Exercise directions:
Only one span is wanted from the lines below: from the one with "Sommier à lattes" up to and including the one with "PNG background Coffee". Copy it exactly, without images.

Material shown:

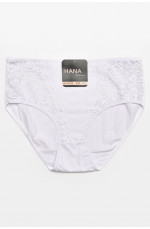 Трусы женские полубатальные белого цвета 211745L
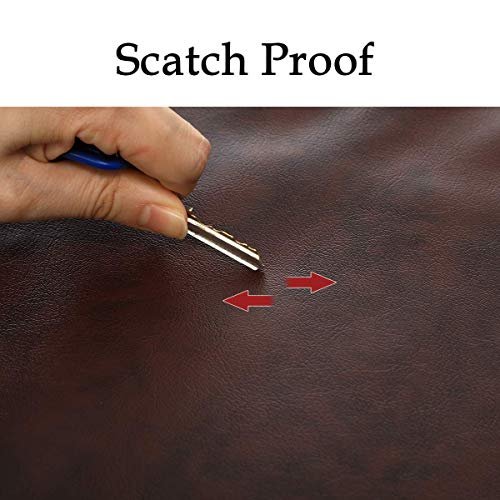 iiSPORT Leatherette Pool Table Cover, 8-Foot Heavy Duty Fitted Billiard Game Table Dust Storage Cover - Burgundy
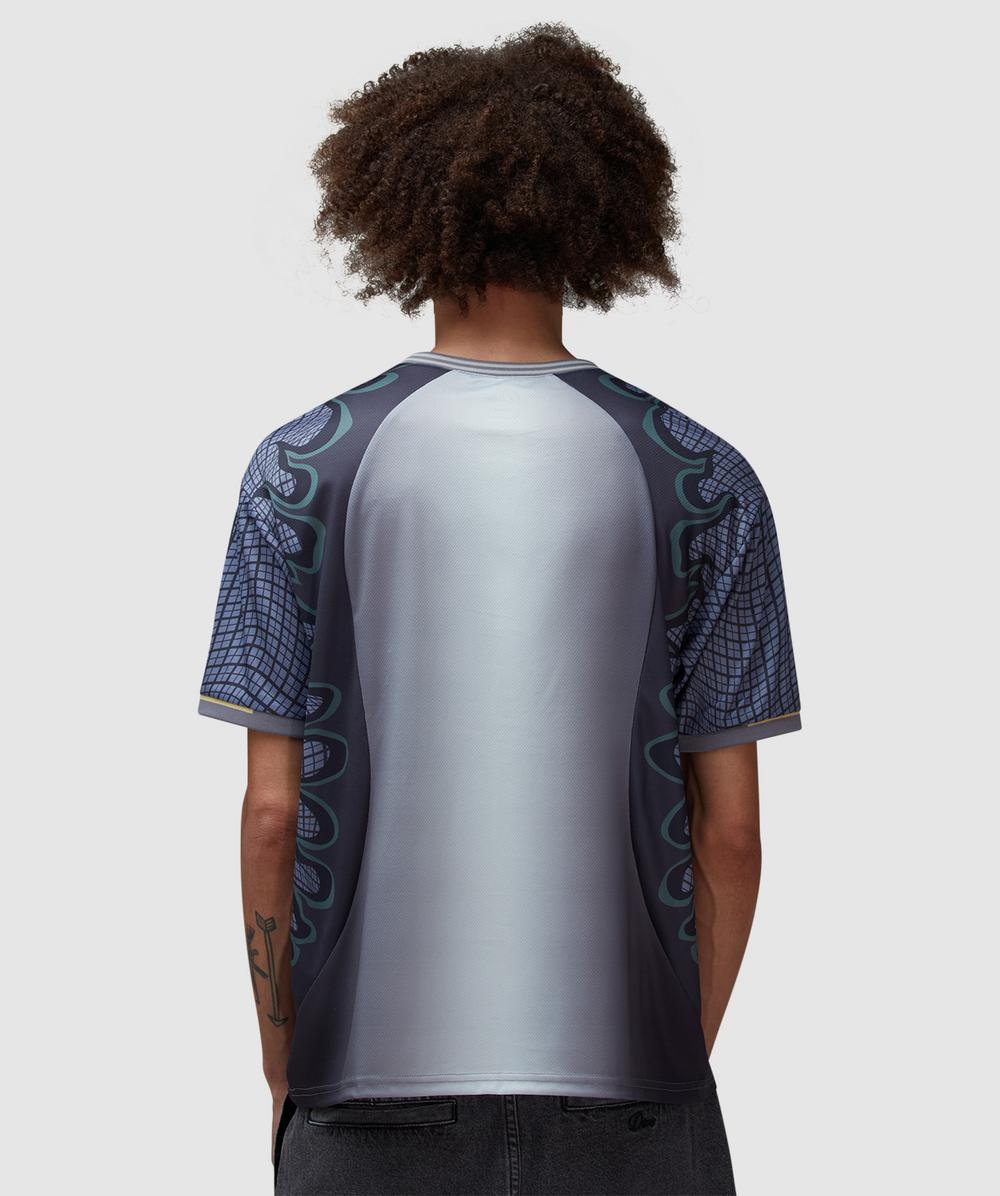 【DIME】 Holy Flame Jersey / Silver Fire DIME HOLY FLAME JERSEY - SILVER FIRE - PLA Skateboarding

--

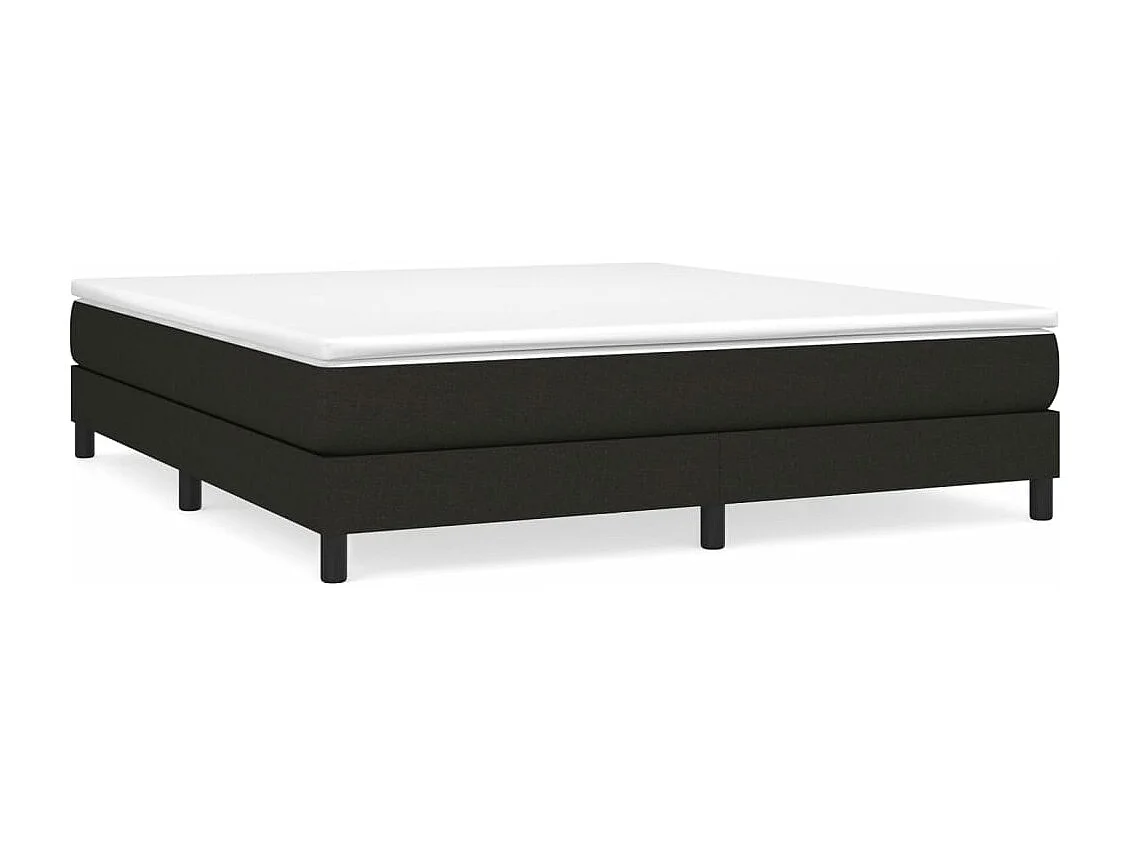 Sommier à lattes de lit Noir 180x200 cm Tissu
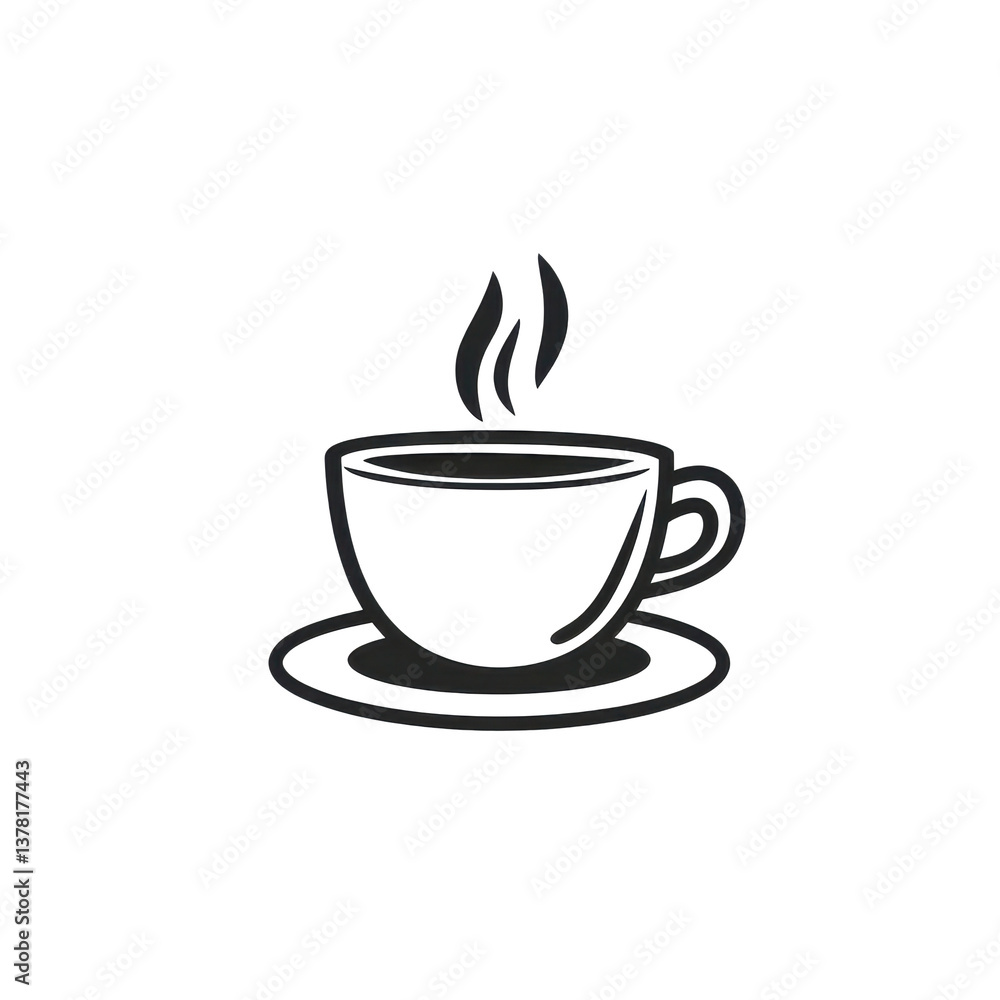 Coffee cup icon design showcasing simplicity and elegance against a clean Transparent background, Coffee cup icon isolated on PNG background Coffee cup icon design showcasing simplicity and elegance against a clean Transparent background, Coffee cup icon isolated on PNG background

Result of the task:
 Sommier à lattes de lit Noir 180x200 cm Tissu
 Coffee cup icon design showcasing simplicity and elegance against a clean Transparent background, Coffee cup icon isolated on PNG background Coffee cup icon design showcasing simplicity and elegance against a clean Transparent background, Coffee cup icon isolated on PNG background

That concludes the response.